▼
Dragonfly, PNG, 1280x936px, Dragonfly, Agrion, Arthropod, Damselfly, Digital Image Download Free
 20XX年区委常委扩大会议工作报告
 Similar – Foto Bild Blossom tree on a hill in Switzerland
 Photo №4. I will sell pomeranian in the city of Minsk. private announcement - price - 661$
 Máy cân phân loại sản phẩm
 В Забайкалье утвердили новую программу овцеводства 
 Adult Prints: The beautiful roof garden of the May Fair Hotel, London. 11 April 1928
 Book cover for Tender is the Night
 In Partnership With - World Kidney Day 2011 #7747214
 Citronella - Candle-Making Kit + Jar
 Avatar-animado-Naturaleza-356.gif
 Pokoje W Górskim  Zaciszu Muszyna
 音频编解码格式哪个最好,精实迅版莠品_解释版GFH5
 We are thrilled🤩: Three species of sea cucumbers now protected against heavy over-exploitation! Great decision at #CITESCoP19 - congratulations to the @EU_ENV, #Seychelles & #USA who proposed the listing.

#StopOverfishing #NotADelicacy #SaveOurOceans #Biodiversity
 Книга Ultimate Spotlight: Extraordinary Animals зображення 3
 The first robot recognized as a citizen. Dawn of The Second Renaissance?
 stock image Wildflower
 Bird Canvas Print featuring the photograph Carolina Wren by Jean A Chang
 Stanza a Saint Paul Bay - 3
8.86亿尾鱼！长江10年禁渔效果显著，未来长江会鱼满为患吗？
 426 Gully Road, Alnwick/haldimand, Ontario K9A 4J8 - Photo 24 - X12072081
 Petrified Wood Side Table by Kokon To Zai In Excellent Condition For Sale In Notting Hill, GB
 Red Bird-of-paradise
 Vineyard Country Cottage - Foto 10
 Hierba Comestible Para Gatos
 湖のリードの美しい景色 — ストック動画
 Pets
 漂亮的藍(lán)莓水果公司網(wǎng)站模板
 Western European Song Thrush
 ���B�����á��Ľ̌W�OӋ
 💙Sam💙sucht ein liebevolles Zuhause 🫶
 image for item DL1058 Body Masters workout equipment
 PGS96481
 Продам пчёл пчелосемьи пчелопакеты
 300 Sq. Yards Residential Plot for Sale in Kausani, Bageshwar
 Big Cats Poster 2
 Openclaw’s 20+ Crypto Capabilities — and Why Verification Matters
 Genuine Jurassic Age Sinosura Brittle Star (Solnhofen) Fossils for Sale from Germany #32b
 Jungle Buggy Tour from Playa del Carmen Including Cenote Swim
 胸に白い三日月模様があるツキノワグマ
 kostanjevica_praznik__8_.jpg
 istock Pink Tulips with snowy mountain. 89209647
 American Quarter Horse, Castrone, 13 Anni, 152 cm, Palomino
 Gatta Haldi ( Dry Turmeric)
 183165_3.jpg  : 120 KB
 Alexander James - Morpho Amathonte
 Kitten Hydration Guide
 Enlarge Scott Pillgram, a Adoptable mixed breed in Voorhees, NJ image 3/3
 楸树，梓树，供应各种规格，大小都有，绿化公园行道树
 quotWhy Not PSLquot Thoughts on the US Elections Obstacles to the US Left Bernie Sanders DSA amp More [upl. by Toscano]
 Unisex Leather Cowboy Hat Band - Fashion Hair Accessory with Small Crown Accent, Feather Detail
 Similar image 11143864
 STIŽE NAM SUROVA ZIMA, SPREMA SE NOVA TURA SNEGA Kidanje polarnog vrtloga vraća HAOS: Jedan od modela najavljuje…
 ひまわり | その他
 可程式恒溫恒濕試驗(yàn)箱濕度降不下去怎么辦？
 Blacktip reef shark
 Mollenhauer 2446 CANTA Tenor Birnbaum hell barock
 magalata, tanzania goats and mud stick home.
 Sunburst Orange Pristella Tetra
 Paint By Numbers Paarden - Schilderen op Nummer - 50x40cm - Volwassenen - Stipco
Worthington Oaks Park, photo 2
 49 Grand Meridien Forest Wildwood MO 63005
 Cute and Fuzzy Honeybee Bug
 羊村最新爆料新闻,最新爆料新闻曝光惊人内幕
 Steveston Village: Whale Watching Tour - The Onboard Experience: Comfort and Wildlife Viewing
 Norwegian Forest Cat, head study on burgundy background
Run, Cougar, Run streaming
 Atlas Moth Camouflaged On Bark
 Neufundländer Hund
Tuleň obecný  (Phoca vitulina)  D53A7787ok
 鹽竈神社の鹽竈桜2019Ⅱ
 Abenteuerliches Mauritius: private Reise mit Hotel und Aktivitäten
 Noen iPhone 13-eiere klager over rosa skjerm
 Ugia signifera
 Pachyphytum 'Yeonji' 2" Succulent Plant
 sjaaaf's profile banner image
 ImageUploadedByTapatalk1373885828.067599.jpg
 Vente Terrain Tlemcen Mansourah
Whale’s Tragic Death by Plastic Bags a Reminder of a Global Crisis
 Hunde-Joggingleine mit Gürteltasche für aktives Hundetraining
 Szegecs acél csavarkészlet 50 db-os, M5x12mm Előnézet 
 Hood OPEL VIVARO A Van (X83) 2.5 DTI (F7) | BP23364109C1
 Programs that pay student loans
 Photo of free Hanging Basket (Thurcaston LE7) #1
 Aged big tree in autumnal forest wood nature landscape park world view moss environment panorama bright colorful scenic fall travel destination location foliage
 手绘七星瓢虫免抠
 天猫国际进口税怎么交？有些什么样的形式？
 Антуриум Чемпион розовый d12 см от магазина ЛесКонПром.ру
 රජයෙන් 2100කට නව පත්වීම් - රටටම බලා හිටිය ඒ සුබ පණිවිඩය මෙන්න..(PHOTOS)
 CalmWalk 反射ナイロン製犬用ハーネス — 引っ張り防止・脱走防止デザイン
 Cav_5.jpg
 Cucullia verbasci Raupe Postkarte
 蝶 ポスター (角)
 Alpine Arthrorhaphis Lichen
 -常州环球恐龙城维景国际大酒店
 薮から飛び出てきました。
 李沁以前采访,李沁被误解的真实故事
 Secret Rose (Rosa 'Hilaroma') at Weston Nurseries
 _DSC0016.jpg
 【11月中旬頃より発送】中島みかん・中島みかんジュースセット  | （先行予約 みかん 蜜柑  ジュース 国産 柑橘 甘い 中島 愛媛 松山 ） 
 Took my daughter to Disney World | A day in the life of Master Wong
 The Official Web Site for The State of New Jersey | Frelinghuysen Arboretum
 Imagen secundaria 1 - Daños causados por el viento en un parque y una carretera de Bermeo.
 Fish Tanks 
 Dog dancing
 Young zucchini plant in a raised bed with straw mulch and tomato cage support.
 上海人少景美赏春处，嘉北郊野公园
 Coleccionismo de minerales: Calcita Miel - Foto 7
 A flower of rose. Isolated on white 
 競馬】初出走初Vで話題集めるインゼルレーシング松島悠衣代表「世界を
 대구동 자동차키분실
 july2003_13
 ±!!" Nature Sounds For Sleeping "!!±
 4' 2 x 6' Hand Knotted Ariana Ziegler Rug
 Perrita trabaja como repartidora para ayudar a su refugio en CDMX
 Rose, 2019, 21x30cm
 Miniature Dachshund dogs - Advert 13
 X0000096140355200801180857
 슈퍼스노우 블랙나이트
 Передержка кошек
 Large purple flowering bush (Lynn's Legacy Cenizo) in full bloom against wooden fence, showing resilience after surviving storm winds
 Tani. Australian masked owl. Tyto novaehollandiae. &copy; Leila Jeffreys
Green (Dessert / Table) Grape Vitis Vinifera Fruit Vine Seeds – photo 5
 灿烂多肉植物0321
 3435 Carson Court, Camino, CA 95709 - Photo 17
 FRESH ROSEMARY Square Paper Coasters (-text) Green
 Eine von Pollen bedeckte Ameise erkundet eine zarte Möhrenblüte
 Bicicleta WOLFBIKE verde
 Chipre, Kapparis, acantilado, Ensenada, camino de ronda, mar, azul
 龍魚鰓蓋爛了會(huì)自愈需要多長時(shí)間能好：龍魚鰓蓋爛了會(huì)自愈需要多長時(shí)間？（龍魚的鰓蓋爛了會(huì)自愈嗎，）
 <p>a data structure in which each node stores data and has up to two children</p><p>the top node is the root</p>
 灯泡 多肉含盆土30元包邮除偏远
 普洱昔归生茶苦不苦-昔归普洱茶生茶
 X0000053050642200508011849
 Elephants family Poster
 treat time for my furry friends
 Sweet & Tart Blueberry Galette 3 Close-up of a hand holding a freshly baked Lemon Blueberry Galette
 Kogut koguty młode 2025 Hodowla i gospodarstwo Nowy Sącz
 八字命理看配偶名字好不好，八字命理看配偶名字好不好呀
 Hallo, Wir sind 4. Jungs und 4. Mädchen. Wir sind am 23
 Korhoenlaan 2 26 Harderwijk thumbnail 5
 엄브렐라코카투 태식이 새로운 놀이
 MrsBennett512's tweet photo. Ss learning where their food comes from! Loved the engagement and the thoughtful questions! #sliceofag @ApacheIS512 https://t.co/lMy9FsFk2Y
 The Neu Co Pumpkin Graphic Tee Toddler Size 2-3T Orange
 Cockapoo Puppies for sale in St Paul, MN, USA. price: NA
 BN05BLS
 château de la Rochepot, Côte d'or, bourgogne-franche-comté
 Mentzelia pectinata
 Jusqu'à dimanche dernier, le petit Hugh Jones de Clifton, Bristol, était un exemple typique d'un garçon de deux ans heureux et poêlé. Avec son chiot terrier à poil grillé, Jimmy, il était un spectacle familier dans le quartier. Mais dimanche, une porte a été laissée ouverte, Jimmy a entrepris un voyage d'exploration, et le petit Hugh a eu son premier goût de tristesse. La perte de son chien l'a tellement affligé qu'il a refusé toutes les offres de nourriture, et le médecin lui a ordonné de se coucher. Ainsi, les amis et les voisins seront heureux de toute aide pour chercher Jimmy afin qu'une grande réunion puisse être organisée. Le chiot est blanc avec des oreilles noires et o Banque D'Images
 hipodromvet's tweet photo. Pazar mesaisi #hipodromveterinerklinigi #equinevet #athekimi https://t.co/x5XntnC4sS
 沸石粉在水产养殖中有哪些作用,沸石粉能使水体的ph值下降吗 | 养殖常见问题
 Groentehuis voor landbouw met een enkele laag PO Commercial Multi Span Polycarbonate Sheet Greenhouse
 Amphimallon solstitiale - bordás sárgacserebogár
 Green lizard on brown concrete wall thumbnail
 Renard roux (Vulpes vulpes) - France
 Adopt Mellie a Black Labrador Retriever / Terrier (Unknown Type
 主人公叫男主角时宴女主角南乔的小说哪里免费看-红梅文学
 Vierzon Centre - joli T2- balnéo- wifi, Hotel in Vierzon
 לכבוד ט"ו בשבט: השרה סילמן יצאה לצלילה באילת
▲
TASK STATEMENT:
Give back exactly the lines of the listing above that run from the line with "july2003_13" to the line with "Green (Dessert /", inclusive.

EXERCISE RESULT:
 july2003_13
 ±!!" Nature Sounds For Sleeping "!!±
 4' 2 x 6' Hand Knotted Ariana Ziegler Rug
 Perrita trabaja como repartidora para ayudar a su refugio en CDMX
 Rose, 2019, 21x30cm
 Miniature Dachshund dogs - Advert 13
 X0000096140355200801180857
 슈퍼스노우 블랙나이트
 Передержка кошек
 Large purple flowering bush (Lynn's Legacy Cenizo) in full bloom against wooden fence, showing resilience after surviving storm winds
 Tani. Australian masked owl. Tyto novaehollandiae. &copy; Leila Jeffreys
Green (Dessert / Table) Grape Vitis Vinifera Fruit Vine Seeds – photo 5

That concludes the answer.